What you are asked to do: Could you restate the whole listing below word for word, minus the pictures?

Input data:
▶

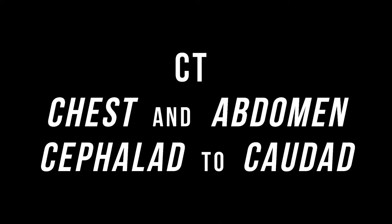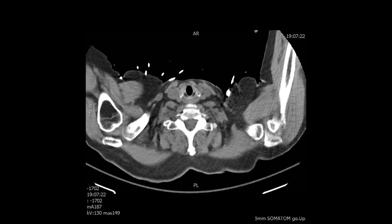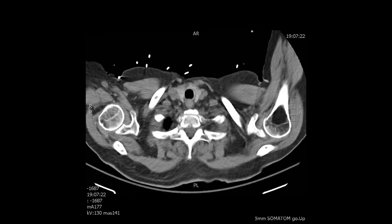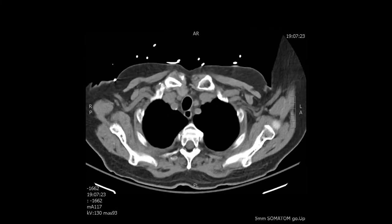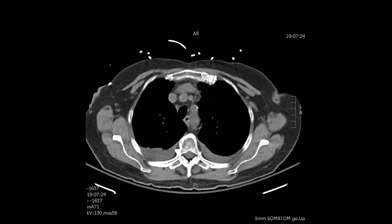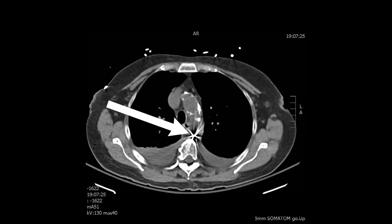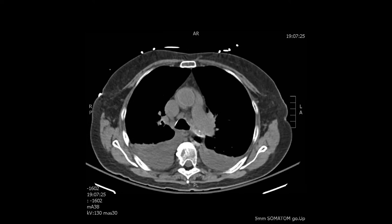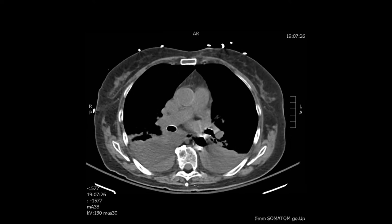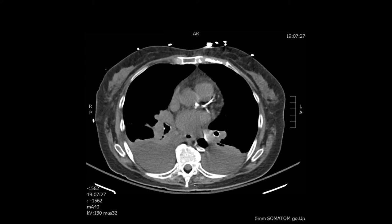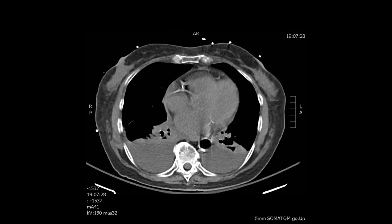We're going to review the CT chest and abdomen from cephalad to caudad. The CT of the chest was combined with the abdominal one, and here we go from top to bottom. You can see the aortic arch and the top marker of the balloon pump. As you go down, you see the aorta entirely in black, as the balloon pump was caught in an inflated phase in this patient.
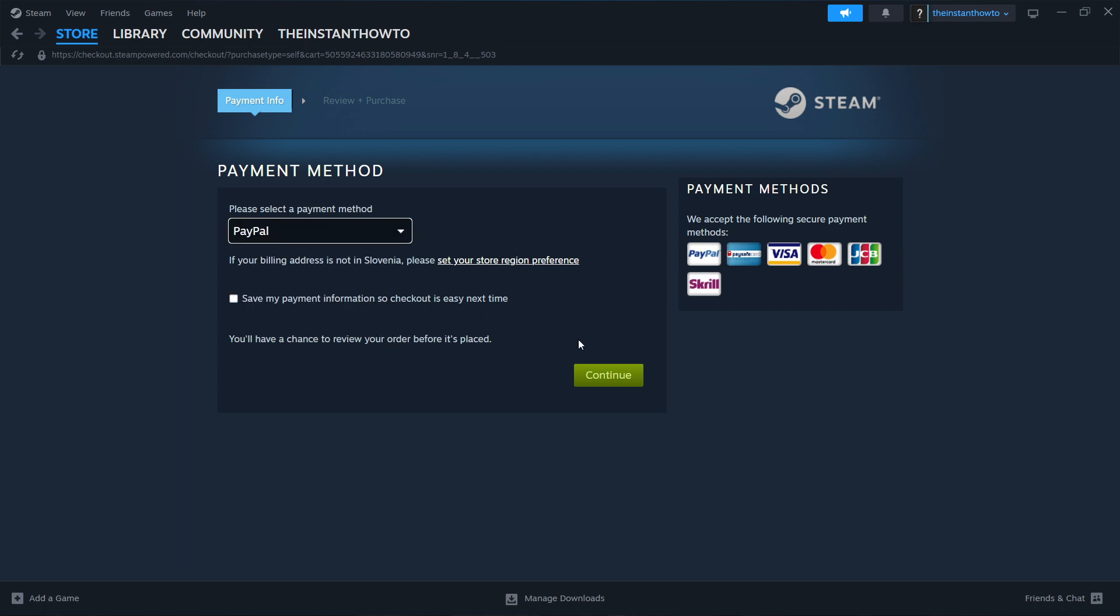Then you select continue over here and go through the entire checkout process. Once you pay for the game and you've bought it, the game is going to start installing for you and then the way to play it is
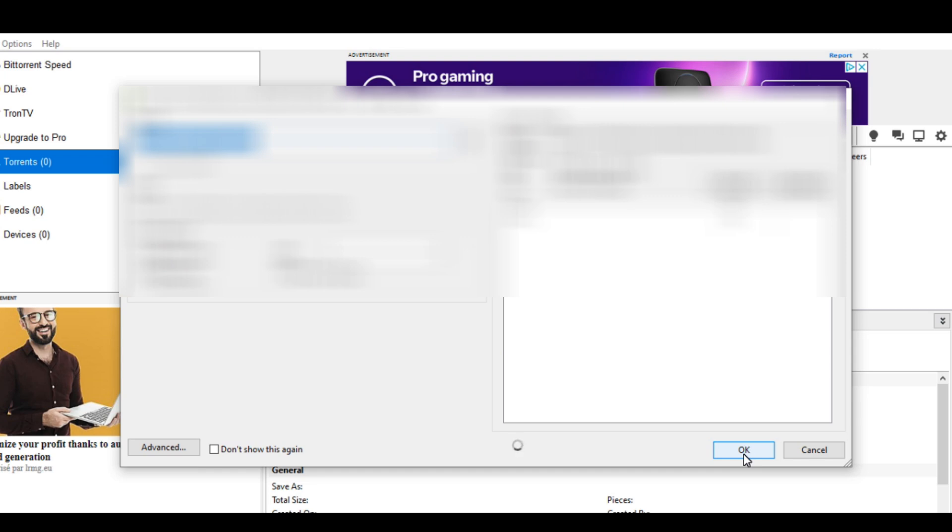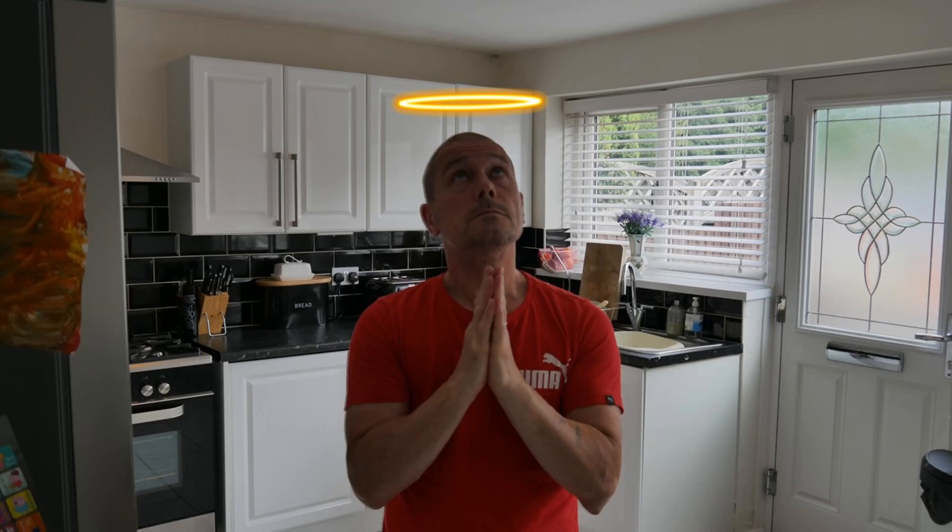And that's how you work around the magnet links not working. Obviously, no illegal downloading, I don't condone illegal downloading, absolutely not, and I would never do that.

◀

Response box:
We're going to review the CT chest and abdomen from cephalad to caudad. The CT of the chest was combined with the abdominal one, and here we go from top to bottom. You can see the aortic arch and the top marker of the balloon pump. As you go down, you see the aorta entirely in black, as the balloon pump was caught in an inflated phase in this patient.
Then you select continue over here and go through the entire checkout process. Once you pay for the game and you've bought it, the game is going to start installing for you and then the way to play it is
And that's how you work around the magnet links not working. Obviously, no illegal downloading, I don't condone illegal downloading, absolutely not, and I would never do that.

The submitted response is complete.